When laws become impractical, they create 11 million law breakers.

  • Hundreds of thousands to millions of people have come to the US legally each year for the last thirty years.[0] How is that impractical? In fact the share of immigrants in the US has increased significantly (by 3 times) in the last 50 years, and is above the level of the EU, and is at the highest level in the last 100 years in the US.[1][2] Even if legal immigration was set to zero, that shouldn't give people the right to come here illegally.

    To be clear I am not making an argument that mass surveillance is needed to solve any problem.

    [0] https://www.migrationpolicy.org/article/green-card-holders-a...

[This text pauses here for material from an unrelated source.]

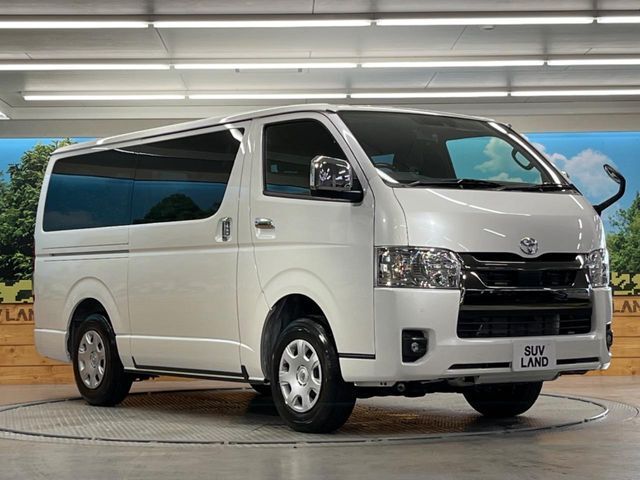 大好評のボディコーティング「弾スプラッシュコート」もご納車までに施工可能。通常のガラスコートと異なる、耐久年数6年の無機質ガラスコーティングが、ボディをキレイな状態に保ってくれます。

    [1] https://www.pewresearch.org/wp-content/uploads/sites/20/2024... via https://www.pewresearch.org/short-reads/2024/09/27/u-s-immig...

    [2] https://data.worldbank.org/indicator/SM.POP.TOTL.ZS?most_rec...

    US vs EU vs OECD: https://data.worldbank.org/indicator/SM.POP.TOTL.ZS?most_rec... - I'm pretty sure the values here include illegal immigration as well, so if you factor that in the US may be lower than the EU, but again still at historically very high levels.

    • The biggest illegal immigration source is the southern border. Yes, lots of people have immigrated, but they're a tiny fraction of those who wanted to immigrate. H-1B is a good example, it counts as immigration but it is really not, it is residency contingent on specific employment contracts. Those people with H-1B have no way to gain permanent residency without their employer sponsoring them, which would let them leave the company so employers don't tend to do that a lot.

      The comparison with EU is not meaningful, especially since it isn't even a country. The population growth of the US and the world as a hole has also risen by more than that factor, even in the past two decades or so it has more than doubled.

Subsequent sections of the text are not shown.